On this short list is Salesforce, whose cloud-based software-as-a-service (SaaS) platform to manage the customer relationship gave diverse businesses a radically new way to access centralized data, streamline sales processes, automate marketing campaigns, and harvest customer insights.
More than 150,000 companies worldwide now employ Salesforce’s customer relationship management (CRM) solution, giving it dominant market share. Numerous insurance brokers use Salesforce to manage their customer relationships and sales pipelines. Meanwhile, policy management, billing, reporting, and other tasks are performed using a traditional agency management system (AMS).
Now, Salesforce is scheduled in February to launch the AI-powered Salesforce Financial Services Cloud for Insurance Brokerages. By combining CRM, AI, and real-time data, the new solution can automate and streamline time-consuming broker and agency processes including policy servicing and commission processing, boosting team productivity, improving operational efficiency, and generating personalized client experiences—“all on a single platform,” the company states.
Among the services:
- A solution that helps account teams and finance professionals streamline managing commission splits involving different producers;
- An employee benefit servicing solution that helps account managers navigate the benefit plan renewal process;
- A property and casualty insurance industry servicing solution giving brokers a consolidated view of client property details and policy information across different insurance carriers;
- The ability to configure and integrate business applications without needing additional hardware and software, via Salesforce’s platform as a service (PaaS); and
- An AI-powered client engagement solution that uses the Salesforce Data Cloud platform, which centralizes and unifies all of a company’s customer data across different systems, offering every broker and agency team member access to the complete view of every customer.

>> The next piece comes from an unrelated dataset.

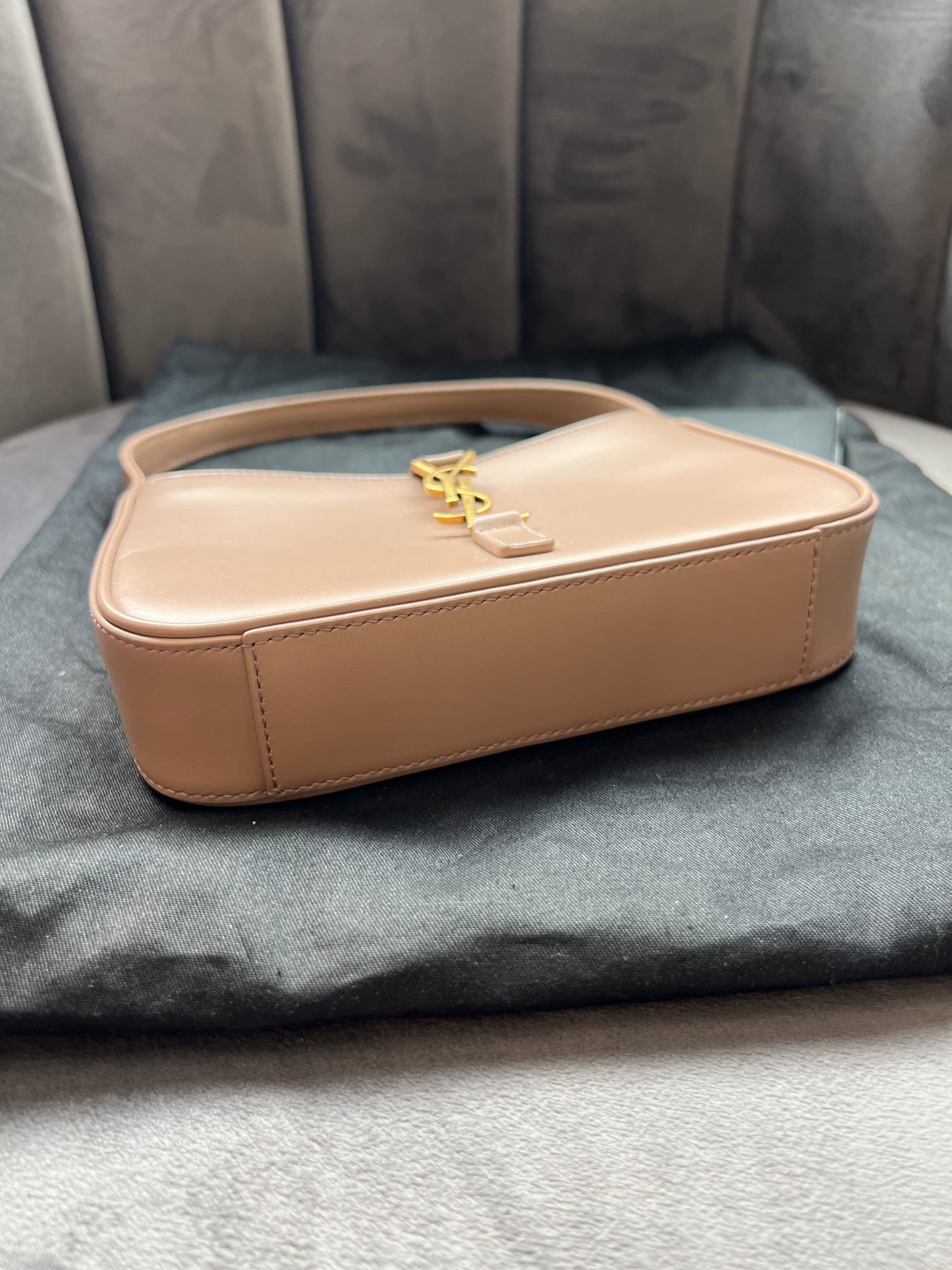 YSL Le 5 A 7 Hobo Rosy Sand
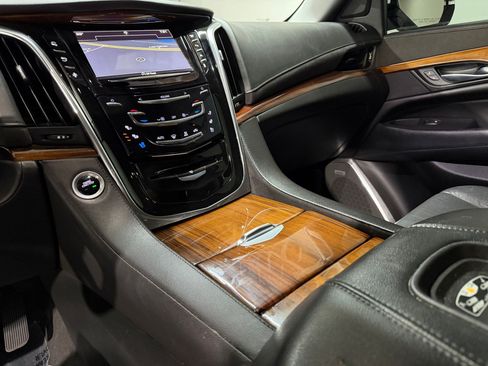 Used 2016 Cadillac Escalade Luxury RWD image 27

By providing a holistic view of the client and its varied risks, Salesforce expects the new offering will help producers and account managers improve processes and deepen client relationships. The company plans to expand the brokerage platform’s functionalities in coming years, thanks to the Salesforce CRM platform’s well-regarded flexibility and configurability.
This raises the question: Will brokers need both AMS and CRM platforms in the future?
To help answer that question and get a better sense of the platform’s features, Leader’s Edge spoke with Michelle Lewis, Salesforce senior director, agency & brokerage solutions, who is leading the new vertical industry solution.
The following Q&A has been edited for clarity and cohesion.
Editor’s Note: Michelle Lewis left Salesforce for an undisclosed opportunity in December 2024. Salesforce was actively recruiting her replacement at press time.
Commercial retail brokerages will be able to track and manage all client policies and plans and manage all their account team members, tasks, and workflows.
The platform will also handle reporting, direct bill commission statements, and producer splits. Our partner ecosystem includes integrations to external data sources and tools like comparative raters.